__WHAT THIS TASK INVOLVES__: Output every line below exactly, please, omitting pictures.

(Brief descriptive captions)
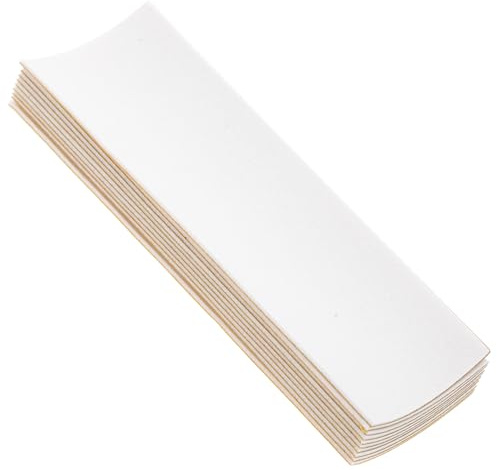 MAJORMENCH Cinta Antideslizante Buena Elasticidad y Durabilidad de Color Claro Paquete de 10 Unidades para Dedos de Espuma Adecuado para Accesorios de Patinetas de Dedo de Dedo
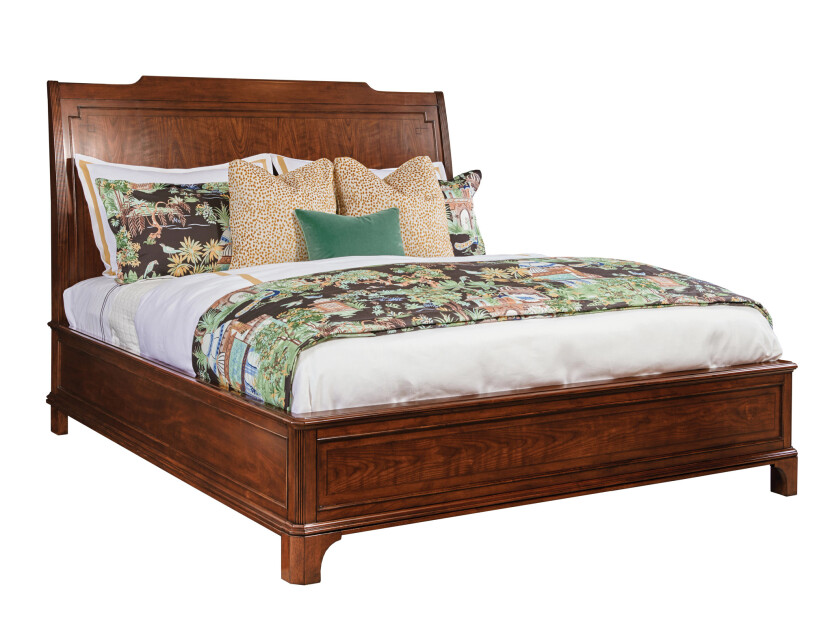 HELMUTH KING SLEIGH BED - COMPLETE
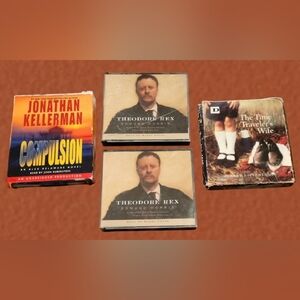 LOT OF 3 AUDIOBOOKS ~THEODORE ROOSEVELT/COMPULSION/THE TIME TRAVELER'S WIFE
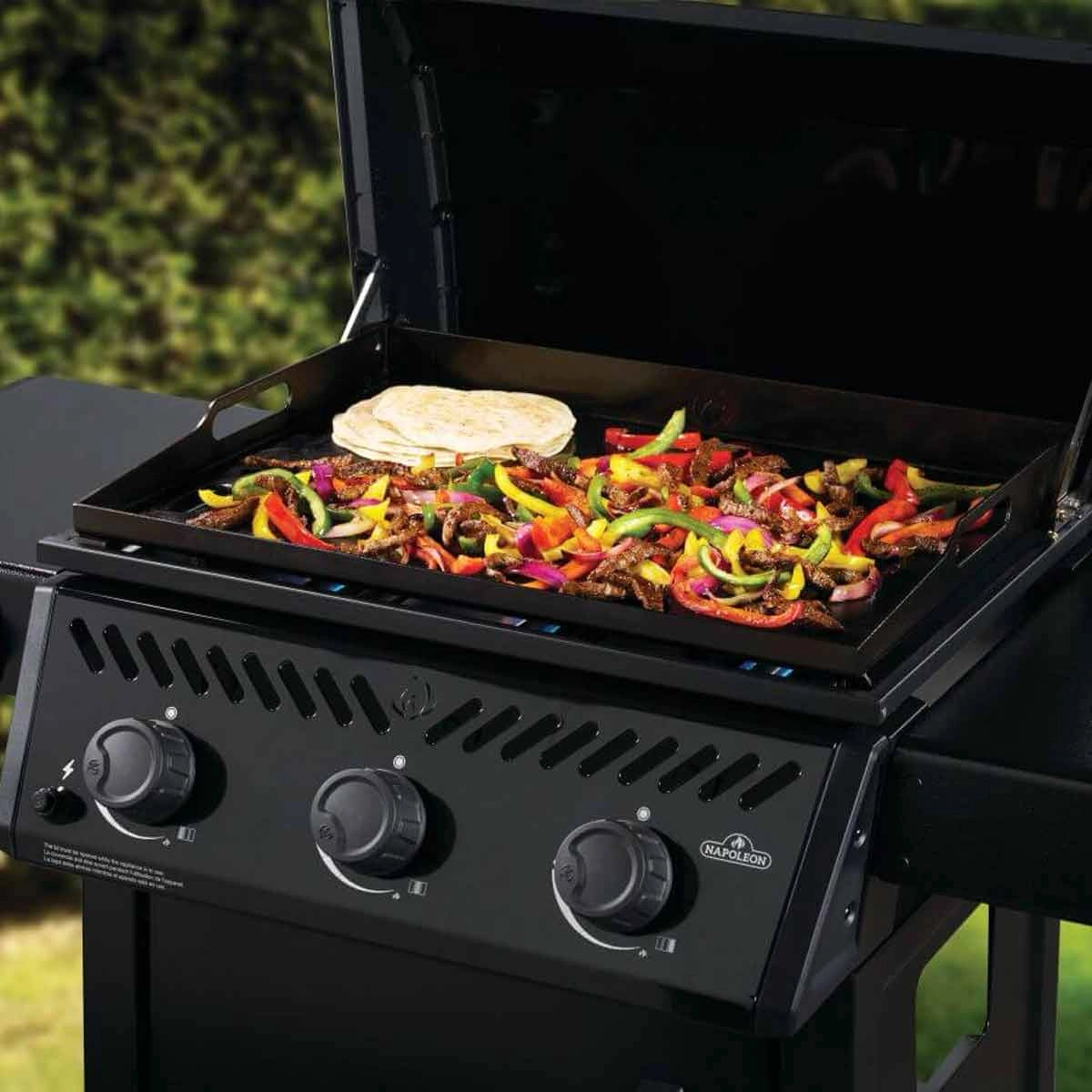Napoleon Freestyle 24 Inch Plancha Griddle Schwarz, Planchagrill, Detailansicht 8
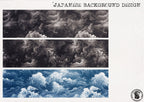 Japanese background brushes ~ Texturemania ~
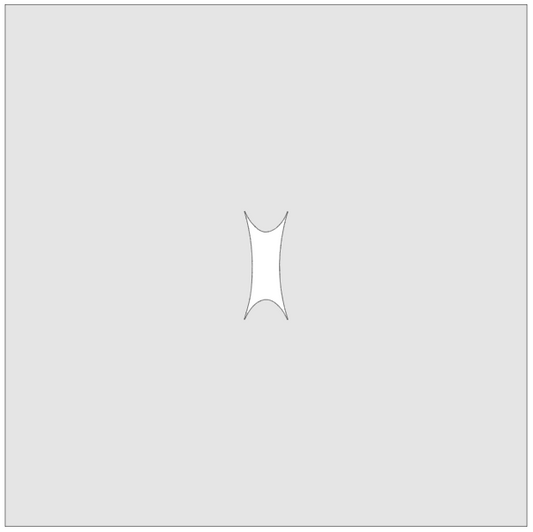 Vitrigraph Pull Plate - Indented Ribbon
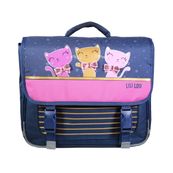 Cartable Lililou 38 cm - 2 compartiments - noir - Bagtrotter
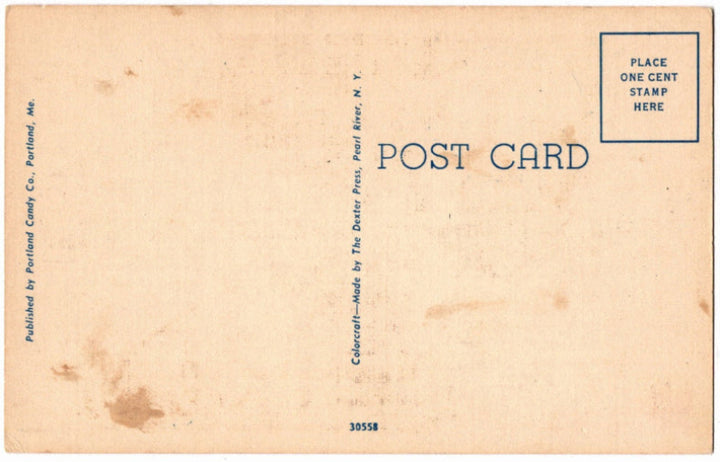 Back of postcard.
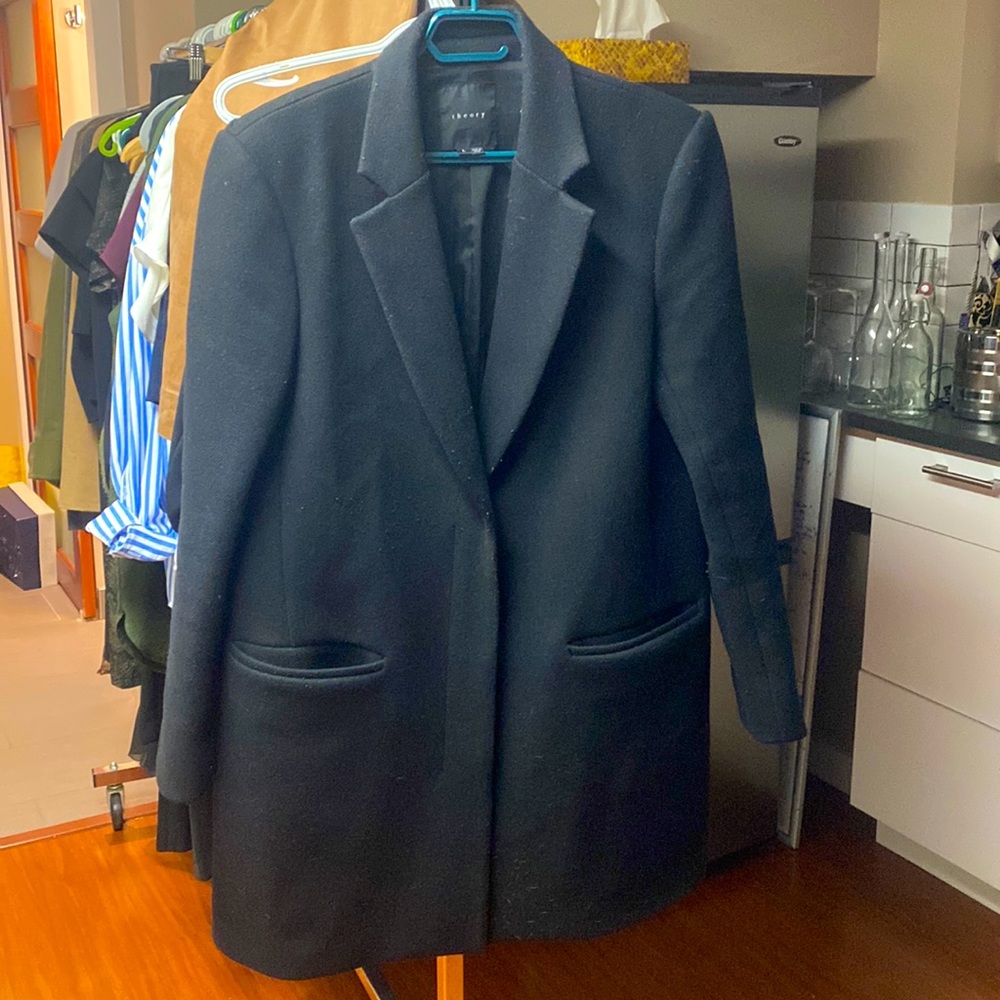 Theory wool coat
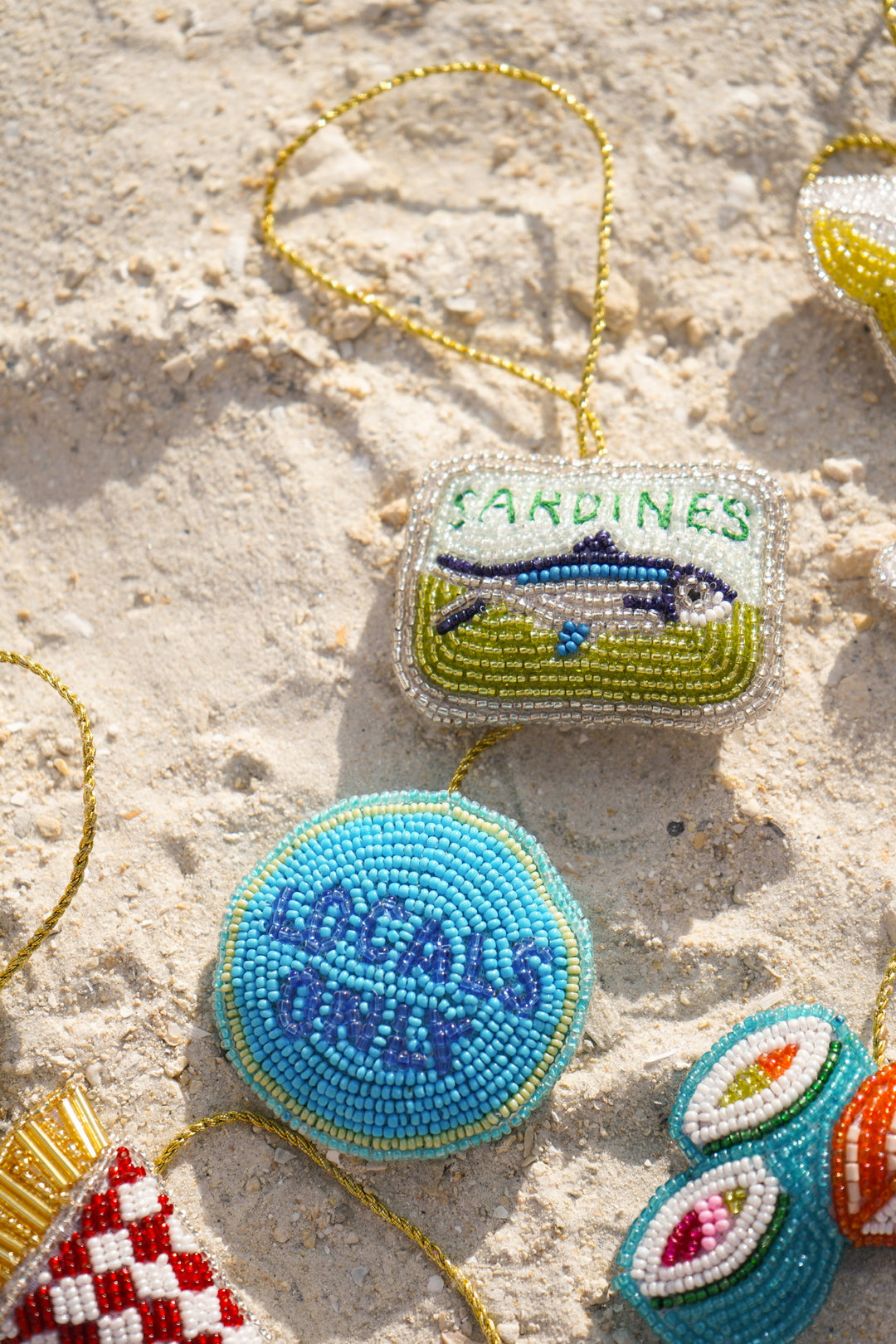 Beaded Bag Charms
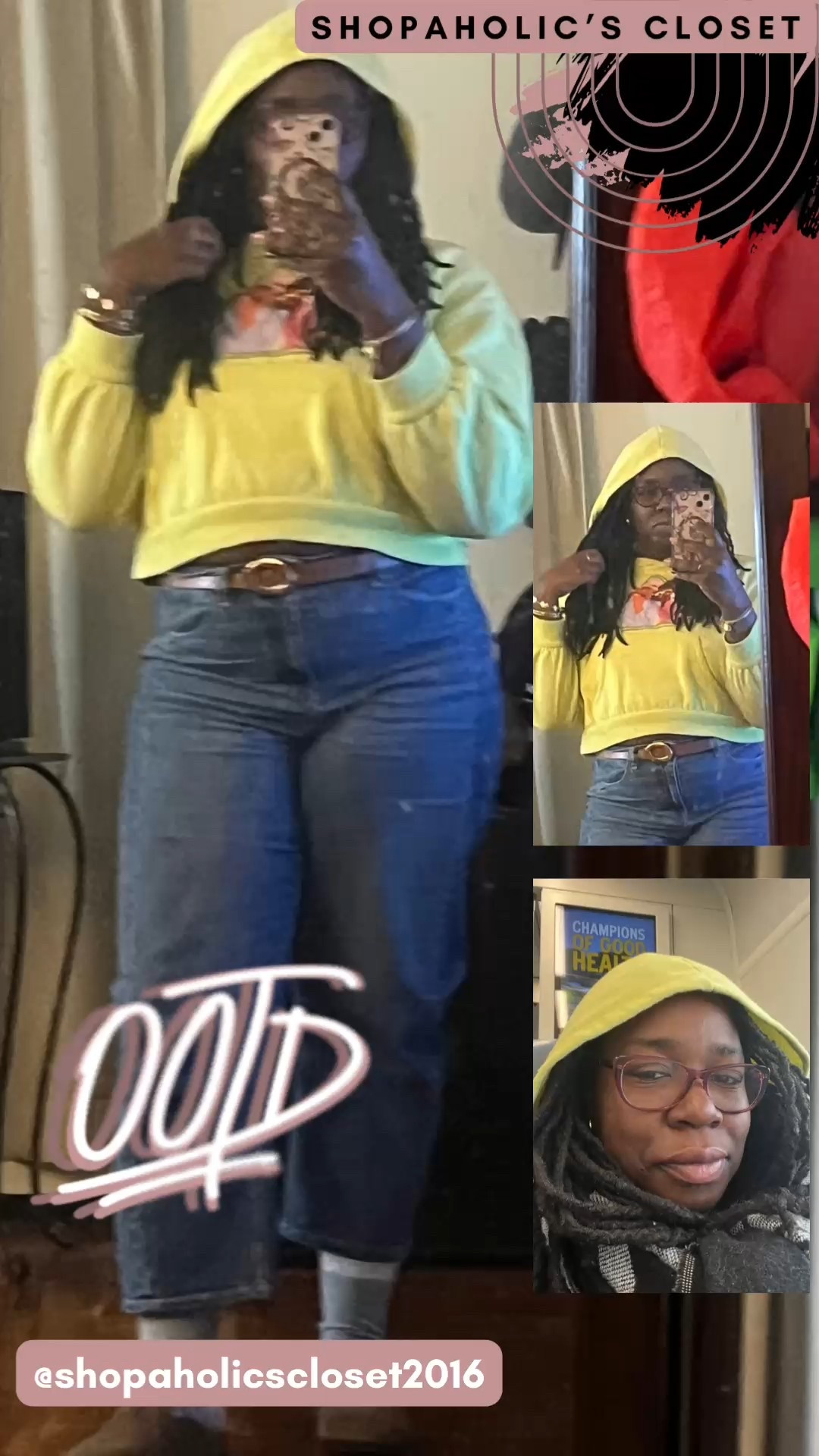 Thick thighs tell no lies.

I told you I was feeling myself today. Lol. Sometimes your jeans fit and your waist looks snatched and your skin looks amazing. Today was that day for me.

My Old Navy barrel jeans, a cropped hoodie and my Quince clogs - we go together real bad.

#shopdeescloset #shopaholicscloset #ootd

#LTKMidsize #LTKootd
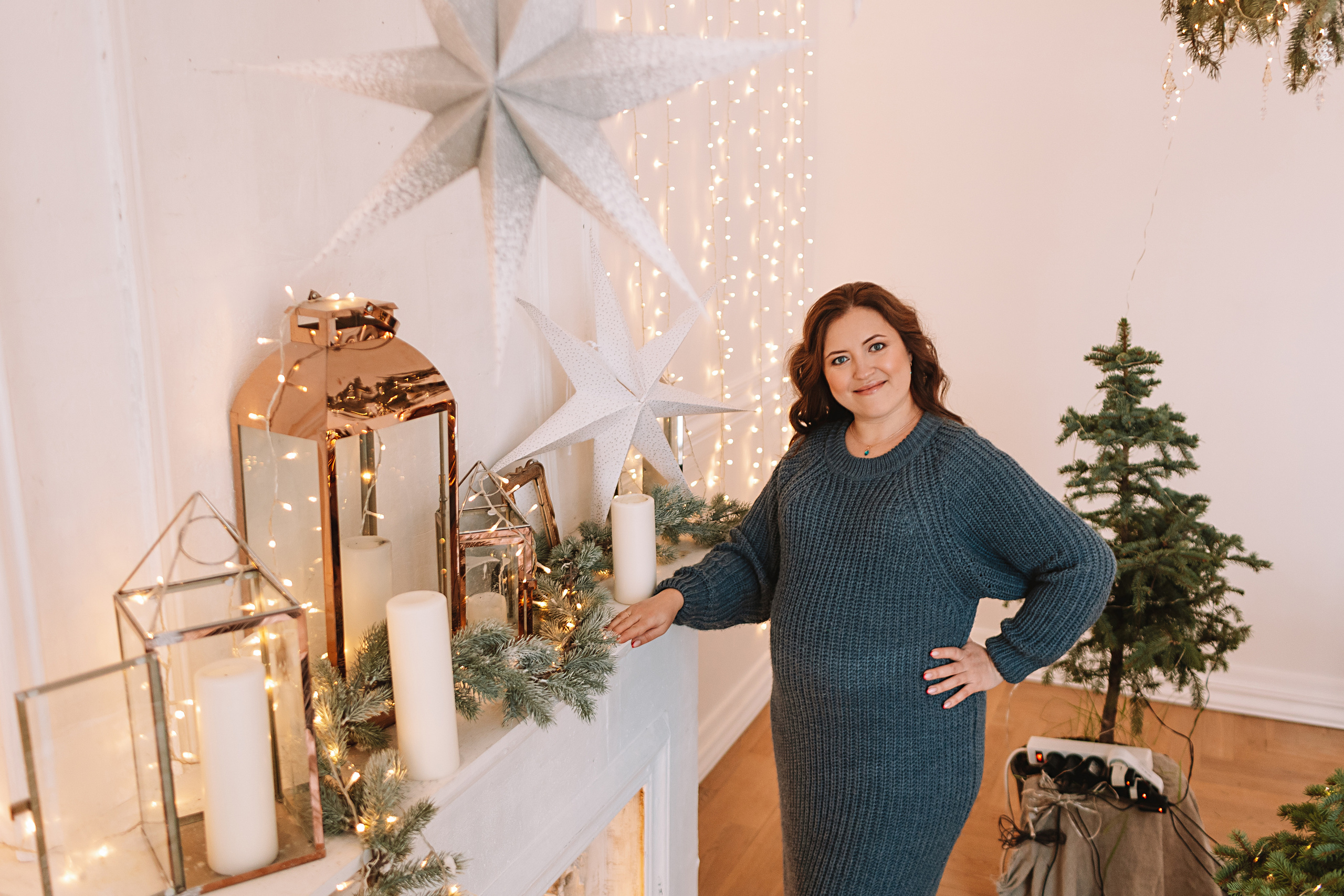 Студия Че (новогодняя). Семейный фотограф Тюмень, фотограф на роды Салмина Мария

__EXPECTED ANSWER__:
 MAJORMENCH Cinta Antideslizante Buena Elasticidad y Durabilidad de Color Claro Paquete de 10 Unidades para Dedos de Espuma Adecuado para Accesorios de Patinetas de Dedo de Dedo
 HELMUTH KING SLEIGH BED - COMPLETE
 LOT OF 3 AUDIOBOOKS ~THEODORE ROOSEVELT/COMPULSION/THE TIME TRAVELER'S WIFE
Napoleon Freestyle 24 Inch Plancha Griddle Schwarz, Planchagrill, Detailansicht 8
 Japanese background brushes ~ Texturemania ~
 Vitrigraph Pull Plate - Indented Ribbon
 Cartable Lililou 38 cm - 2 compartiments - noir - Bagtrotter
 Back of postcard.
 Theory wool coat
 Beaded Bag Charms
 Thick thighs tell no lies.

I told you I was feeling myself today. Lol. Sometimes your jeans fit and your waist looks snatched and your skin looks amazing. Today was that day for me.

My Old Navy barrel jeans, a cropped hoodie and my Quince clogs - we go together real bad.

#shopdeescloset #shopaholicscloset #ootd

#LTKMidsize #LTKootd
 Студия Че (новогодняя). Семейный фотограф Тюмень, фотограф на роды Салмина Мария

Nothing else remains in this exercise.